It is a mistake to believe that your past no longer affects you. If that were true, we would not remember all the lessons we've learned from our experiences: from the simplest of things like learning to ride a bike to the more difficult realities that have caused us pain. Our understanding of past experiences teaches us how to respond to similar situations. Almost always we react instinctively to the things we’ve already experienced when we encounter them again.
Many of us have prayed for the difficult memories of our past to be erased. In fact, I’m convinced that every individual ever born has wanted this at some point in their lives. Yet those of us who are in Christ should not desire to forget our past. It was in darkness that we saw his light. In the depths of human depravity, Christ sustained us. Why then would we want to forget what we’ve been sovereignly rescued from? Should we forget what the Lord has done?

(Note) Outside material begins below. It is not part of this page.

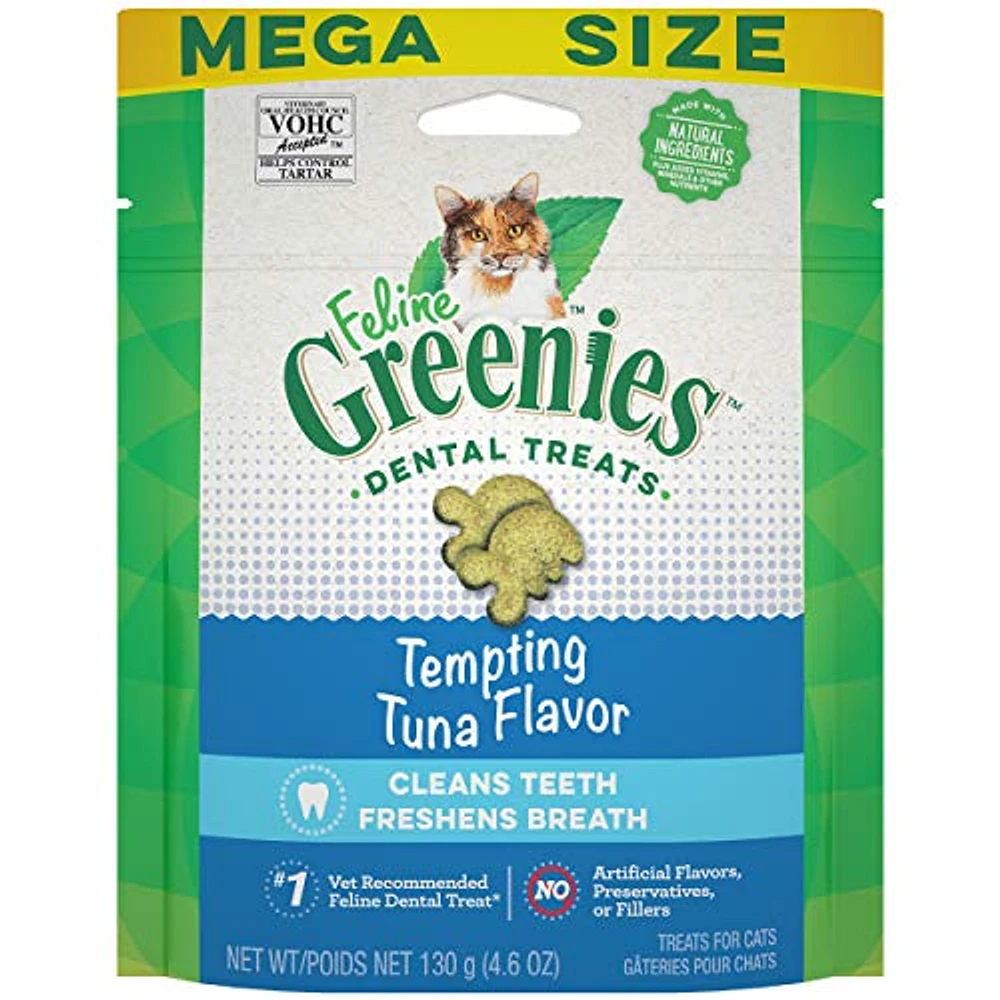 Greenies - Cat Treats - Tuna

We mustn't confuse our sins being washed away with our past being washed away. The “sea of forgetfulness” contains our sins, not our memories. I don’t know about you, but I still cry from the abuse and hurt I endured in my life. A face, a smell, a sight, a touch can bring back the pain.

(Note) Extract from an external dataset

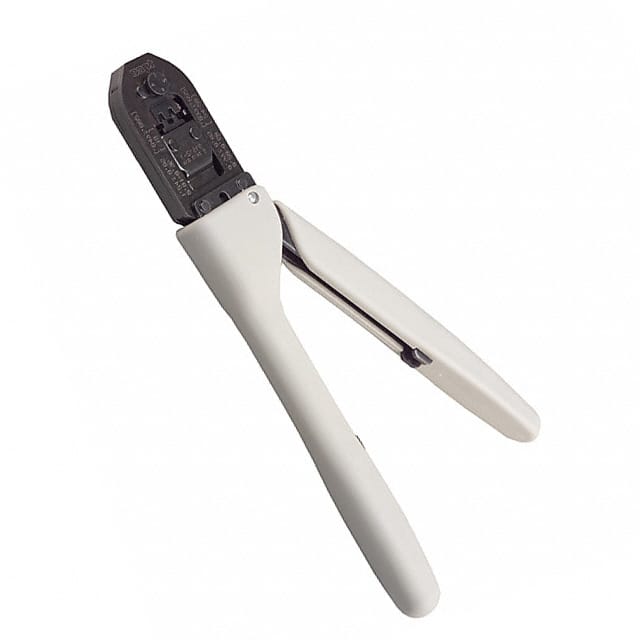 91512-1 TOOL HAND CRIMPER 18-24AWG SIDE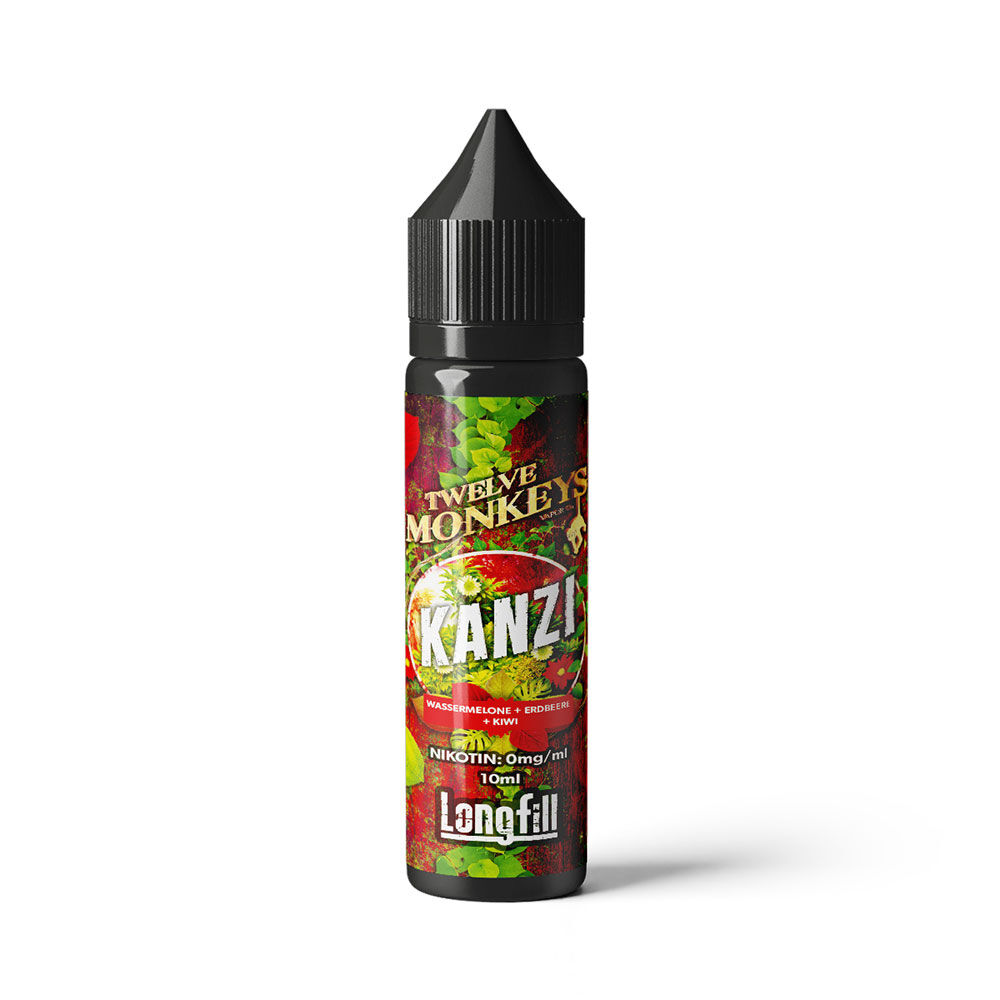 Twelve Monkeys Kanzi Aroma 10ml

But when you are in this place, do not hide in shame, for the Lord inclines his ear to you and does not hide his face.
The healthy way to respond to a past experience that has caused pain is to trust what God is teaching you, to forgive, to be aware of what can happen. And then to use wisdom and discernment going forward. The unhealthy way of responding is to doubt God’s love for you, to become fearful or unforgiving, to never trust anyone. All of us have reacted to our past experiences in both ways. God has proved himself true, and he always will.
Joseph spent years as a slave and was falsely imprisoned. In the end, it was all part of God’s sovereign plan. I wonder if haunting memories of being thrown in a well by his brothers, being sold as a slave, and the smell of his former prison cell ever truly escaped him. Probably not. When he saw his brothers again, imagine what went through his mind. Did he relive his painful past? We know he didn’t forget because he sought a place to weep after seeing them again.
Nonetheless, he forgave them: “I am your brother Joseph, the one you sold into Egypt! And now, do not be distressed and do not be angry with yourselves for selling me here, because it was to save lives that God sent me ahead of you” (Gen. 45:4-5).
Joseph saw his family reconciled and restored. He knew God had not abandoned nor forgotten him. God proved himself true. He always does.
So to you who are beloved of Christ: it’s OK if you find yourself reliving the pain of the past. For it only magnifies Christ, who was by your side. He was there with every tear, providing you with comfort and strength. “All things must work together for good for those who love God,” says the apostle Paul. We seldom see that in the moment of our pain. It may take years, but God's promise never fails.